Several emerging technologies and approaches could significantly advance Tlcd2 research:

• CRISPR-based screening: Genome-wide or focused CRISPR screens could identify genetic interactors of Tlcd2, revealing new functional relationships.

• Single-cell lipidomics: Emerging technologies for single-cell lipid analysis could reveal cell-type-specific effects of Tlcd2 that are masked in bulk tissue analyses.

• Organoid models: Three-dimensional organoid cultures could provide more physiologically relevant systems for studying Tlcd2 function in tissue-specific contexts.

• In situ structural biology: Techniques like cryo-electron tomography could provide insights into Tlcd2's native structure within membranes.

• Spatially resolved transcriptomics/proteomics: These approaches could reveal spatial patterns of Tlcd2 expression and function within tissues.

• Machine learning for lipidomic data analysis: Advanced computational approaches could identify subtle patterns in complex lipidomic datasets from Tlcd2 studies.

• Targeted protein degradation: Technologies like PROTACs could provide more precise temporal control over Tlcd2 function than conventional knockout approaches.

• RNA therapeutics: Novel RNA-based therapeutic approaches could target lnc-TLCD2-1 for cancer applications or modulate Tlcd2 expression in metabolic diseases .

What should be the priorities for researchers entering the field of Tlcd2 biology?

For researchers entering the field of Tlcd2 biology, several priorities should guide their efforts:

• Mechanistic understanding: Elucidate the molecular mechanisms by which Tlcd2 promotes MUFA incorporation into PE molecules, including potential direct interactions with lipid biosynthetic enzymes.

• Structural characterization: Determine the three-dimensional structure of Tlcd2 protein to understand how it functions at the molecular level.

• Tissue-specific function: Investigate Tlcd2 function in tissues beyond the liver, particularly those with high mitochondrial content like heart, muscle, and brain.

• Therapeutic potential exploration: Further evaluate the potential of Tlcd2 inhibition as a therapeutic approach for NAFLD/NASH and other metabolic disorders.

• lnc-TLCD2-1 relationship: Clarify the functional relationship between Tlcd2 protein and lnc-TLCD2-1, particularly in the context of cancer biology.

• Translational validation: Verify that findings from mouse models translate to human physiology and pathology using appropriate human samples and model systems.

These priorities would address key knowledge gaps while building on the established foundations of Tlcd2 biology .

How can researchers best collaborate across disciplines to advance Tlcd2 understanding?

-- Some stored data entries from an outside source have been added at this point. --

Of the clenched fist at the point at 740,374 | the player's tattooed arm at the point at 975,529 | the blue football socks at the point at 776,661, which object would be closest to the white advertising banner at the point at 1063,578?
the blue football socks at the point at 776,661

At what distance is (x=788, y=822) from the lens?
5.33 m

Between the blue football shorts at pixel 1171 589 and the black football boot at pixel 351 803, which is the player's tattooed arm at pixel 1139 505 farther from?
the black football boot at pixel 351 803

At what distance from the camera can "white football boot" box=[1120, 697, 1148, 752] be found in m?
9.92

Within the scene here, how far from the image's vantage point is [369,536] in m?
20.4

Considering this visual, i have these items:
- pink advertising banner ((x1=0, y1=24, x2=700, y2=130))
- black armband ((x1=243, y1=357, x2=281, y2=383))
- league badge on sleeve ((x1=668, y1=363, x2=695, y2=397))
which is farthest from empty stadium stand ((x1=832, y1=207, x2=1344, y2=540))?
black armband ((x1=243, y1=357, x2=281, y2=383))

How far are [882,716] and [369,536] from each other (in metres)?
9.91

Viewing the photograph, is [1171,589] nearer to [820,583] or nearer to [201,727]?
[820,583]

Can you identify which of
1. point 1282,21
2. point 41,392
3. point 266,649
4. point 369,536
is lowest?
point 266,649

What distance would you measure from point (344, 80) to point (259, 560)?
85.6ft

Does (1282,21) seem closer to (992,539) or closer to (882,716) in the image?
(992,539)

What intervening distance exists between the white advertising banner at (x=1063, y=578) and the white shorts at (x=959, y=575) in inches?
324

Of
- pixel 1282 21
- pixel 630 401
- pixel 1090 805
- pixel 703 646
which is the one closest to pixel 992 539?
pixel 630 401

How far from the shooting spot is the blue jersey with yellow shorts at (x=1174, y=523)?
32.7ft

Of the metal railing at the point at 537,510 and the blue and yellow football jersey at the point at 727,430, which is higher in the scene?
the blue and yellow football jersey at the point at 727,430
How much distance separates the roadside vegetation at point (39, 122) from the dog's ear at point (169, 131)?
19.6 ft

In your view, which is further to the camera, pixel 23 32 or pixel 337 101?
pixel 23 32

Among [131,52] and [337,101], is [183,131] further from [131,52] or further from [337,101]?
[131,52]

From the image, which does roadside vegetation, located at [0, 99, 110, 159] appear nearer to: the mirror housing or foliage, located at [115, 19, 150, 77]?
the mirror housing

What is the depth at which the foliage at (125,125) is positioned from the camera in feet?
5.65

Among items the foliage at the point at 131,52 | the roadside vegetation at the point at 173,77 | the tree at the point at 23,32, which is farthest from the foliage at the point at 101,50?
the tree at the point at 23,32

Advancing Tlcd2 understanding requires effective cross-disciplinary collaboration strategies:

• Lipidomics-biochemistry integration: Combine expertise in lipidomic analysis with biochemical approaches to understand the molecular mechanisms of Tlcd2 function.

• Clinical-basic science partnerships: Form collaborations between basic scientists studying Tlcd2 and clinicians treating NAFLD/NASH or colorectal cancer to facilitate translational research.

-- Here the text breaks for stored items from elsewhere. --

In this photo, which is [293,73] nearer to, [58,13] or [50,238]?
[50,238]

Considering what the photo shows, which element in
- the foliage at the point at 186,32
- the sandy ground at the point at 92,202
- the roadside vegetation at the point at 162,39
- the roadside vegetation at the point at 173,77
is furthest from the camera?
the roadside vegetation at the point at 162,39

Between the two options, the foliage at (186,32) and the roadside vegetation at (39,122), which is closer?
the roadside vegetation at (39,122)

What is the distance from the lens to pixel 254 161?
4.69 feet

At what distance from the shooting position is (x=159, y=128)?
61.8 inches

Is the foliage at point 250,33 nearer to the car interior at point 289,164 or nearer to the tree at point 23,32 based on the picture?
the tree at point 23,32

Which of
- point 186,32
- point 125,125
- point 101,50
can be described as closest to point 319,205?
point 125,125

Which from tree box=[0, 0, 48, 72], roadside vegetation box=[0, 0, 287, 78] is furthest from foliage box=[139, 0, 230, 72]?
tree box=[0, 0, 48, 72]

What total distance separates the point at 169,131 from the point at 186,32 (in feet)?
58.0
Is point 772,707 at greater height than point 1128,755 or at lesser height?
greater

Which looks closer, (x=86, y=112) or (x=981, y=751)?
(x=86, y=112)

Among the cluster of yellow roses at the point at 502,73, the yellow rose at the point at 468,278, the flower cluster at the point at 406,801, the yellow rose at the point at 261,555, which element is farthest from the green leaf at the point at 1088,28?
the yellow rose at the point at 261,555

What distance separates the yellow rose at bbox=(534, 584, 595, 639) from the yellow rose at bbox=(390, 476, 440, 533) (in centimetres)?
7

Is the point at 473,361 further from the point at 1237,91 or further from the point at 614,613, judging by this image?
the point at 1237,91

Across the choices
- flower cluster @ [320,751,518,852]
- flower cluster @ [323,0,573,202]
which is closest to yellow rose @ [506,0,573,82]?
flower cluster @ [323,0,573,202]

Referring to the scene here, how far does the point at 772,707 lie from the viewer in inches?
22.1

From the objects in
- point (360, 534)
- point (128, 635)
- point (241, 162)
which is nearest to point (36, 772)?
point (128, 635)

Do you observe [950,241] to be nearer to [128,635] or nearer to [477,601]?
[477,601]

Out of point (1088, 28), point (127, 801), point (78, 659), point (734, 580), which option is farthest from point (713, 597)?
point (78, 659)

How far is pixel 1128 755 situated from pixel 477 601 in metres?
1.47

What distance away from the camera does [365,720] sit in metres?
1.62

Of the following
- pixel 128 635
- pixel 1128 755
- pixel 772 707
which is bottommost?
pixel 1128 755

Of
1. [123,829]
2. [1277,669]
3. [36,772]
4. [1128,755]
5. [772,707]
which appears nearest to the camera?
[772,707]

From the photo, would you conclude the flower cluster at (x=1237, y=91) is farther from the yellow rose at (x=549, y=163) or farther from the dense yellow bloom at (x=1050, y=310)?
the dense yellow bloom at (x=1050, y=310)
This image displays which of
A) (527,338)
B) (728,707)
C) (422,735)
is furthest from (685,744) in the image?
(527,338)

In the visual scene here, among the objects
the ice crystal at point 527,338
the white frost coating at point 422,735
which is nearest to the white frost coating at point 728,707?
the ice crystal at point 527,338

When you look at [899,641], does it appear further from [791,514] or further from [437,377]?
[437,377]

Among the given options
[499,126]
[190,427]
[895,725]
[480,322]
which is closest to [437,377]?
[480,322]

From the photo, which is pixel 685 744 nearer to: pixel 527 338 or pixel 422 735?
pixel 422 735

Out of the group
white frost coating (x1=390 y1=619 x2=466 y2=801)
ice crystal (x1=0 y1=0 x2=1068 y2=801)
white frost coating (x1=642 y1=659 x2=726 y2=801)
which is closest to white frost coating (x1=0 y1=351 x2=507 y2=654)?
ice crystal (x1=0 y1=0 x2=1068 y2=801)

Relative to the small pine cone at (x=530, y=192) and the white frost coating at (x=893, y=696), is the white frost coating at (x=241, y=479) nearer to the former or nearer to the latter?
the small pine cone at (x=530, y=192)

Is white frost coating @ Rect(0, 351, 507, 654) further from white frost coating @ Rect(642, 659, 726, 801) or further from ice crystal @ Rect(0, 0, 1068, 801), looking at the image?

• Computational biology involvement: Engage computational biologists for complex data analysis, modeling of lipid metabolism networks, and prediction of protein-lipid interactions.

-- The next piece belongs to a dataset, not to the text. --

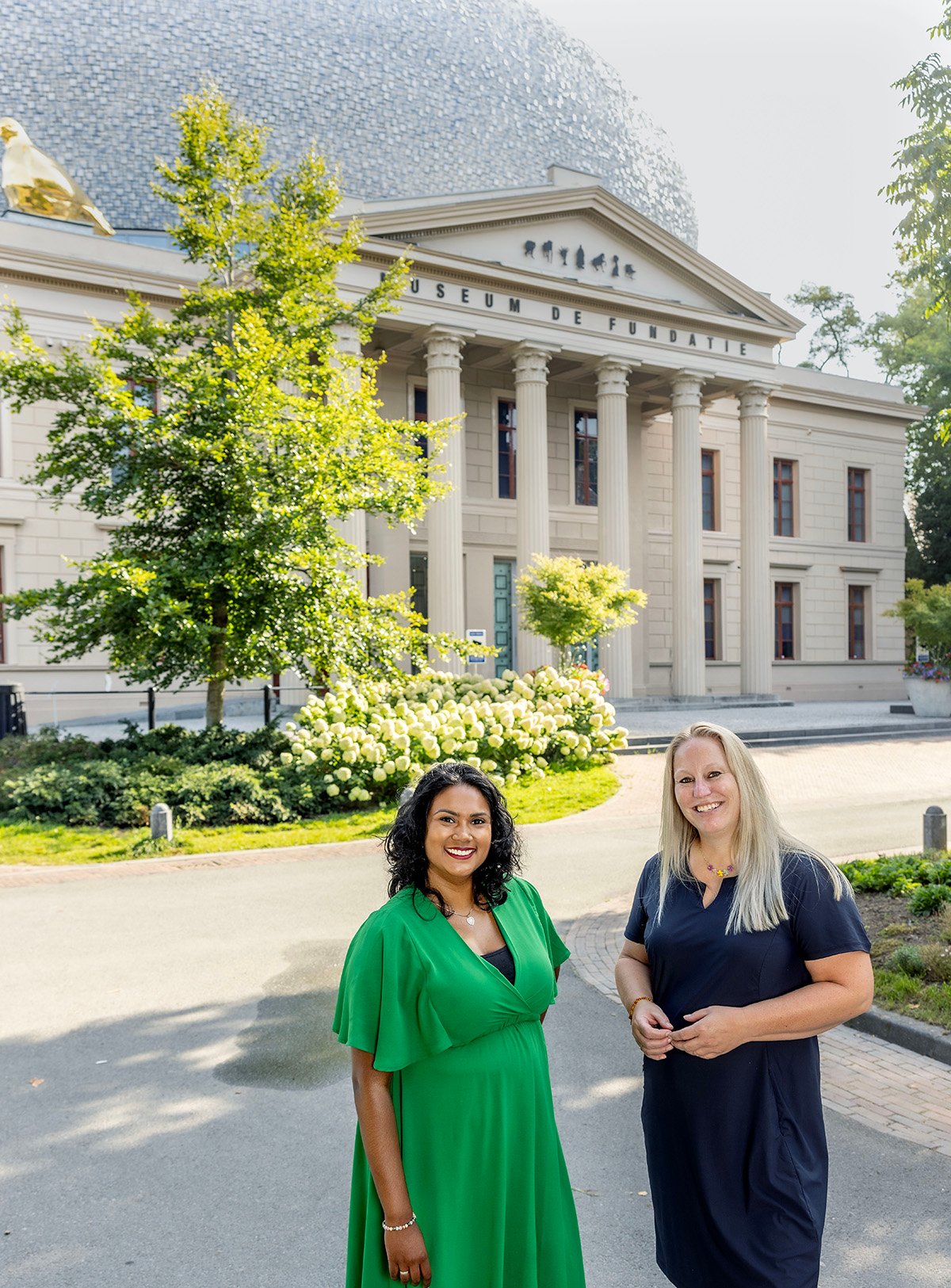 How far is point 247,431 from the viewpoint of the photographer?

• Structural biology expertise: Partner with structural biologists to determine Tlcd2 protein structure using techniques like cryo-EM or X-ray crystallography.

• Technology development collaboration: Work with analytical chemists and bioengineers to develop improved methods for studying membrane proteins and lipid dynamics.

• Shared resources and standardization: Establish repositories for Tlcd2 reagents, model systems, and standardized protocols to facilitate reproducible research across laboratories.

• International consortia: Form international research networks to leverage diverse expertise and resources for comprehensive characterization of Tlcd2 biology.